AMD’s Zen based server platform, EPYC (codename Naples), has been in the works for quite some time and it finally appears ready for prime time. At AMD’s recent EPYC launch event in Austin, Texas, AMD fully detailed their new server platform designed to challenge Intel’s dominance in the server market.
AMD EPYC 7000 Series Processor
Launching today is no less than twelve CPU SKUs in the AMD EPYC 7000-Series processor lineup. The new CPUs will feature up to 32-cores/64-threads, 8-channel DDR4 memory support (up to 2TB of memory per CPU), 128 PCIe lanes, a dedicated security subsystem, and an integrated chipset.
AMD’s EPYC 7000-Series processors are divided into two platforms: 1P (single socket) or 2P (dual socket).
AMD’s 1P CPUs are fairly straightforward. Each CPU features a massive 128 PCIe lanes which can be used for stuff like Infinity Fabric, PCIe, GPU, etc. The flagship 1P CPU, the EPYC 7551P will be a 32-core/64-thread processor with 8-channel DDR4 memory support (up to 2TB). The EPYC 7551P is expected to be priced at an under $2,000 pricepoint which will be a major challenge to Intel which typically prices their 10-core/20-thread Xeon E5 at around $2,000.

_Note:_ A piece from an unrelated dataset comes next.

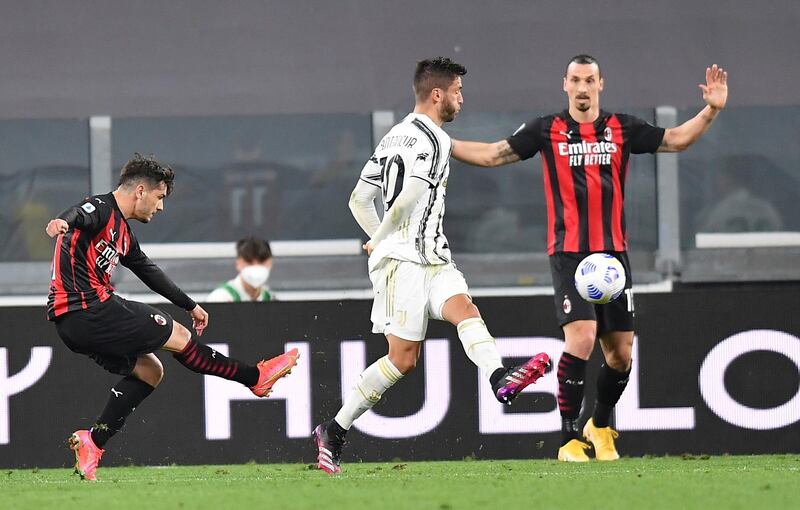 Milan's Brahim Diaz opens the scoring at the Juventus Stadium. AP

AMD markets their 1P EPYC CPUs as 2P capability in a 1P. The reason for this is because the EPYC processors are actually four 8-core dies with two CCXs each. These are grouped into MCMs (Multi-Chip Modules) which are interconnected by Infinity Fabric. This allows AMD to produce a 32-core chip without actually going through the difficulty of actually producing a single die 32-core chip.
Moving on, the main difference in the 2P configuration is maximum cores now increase to 64 and maximum memory increases to 4TB. PCIe lanes however, are still capped at 128.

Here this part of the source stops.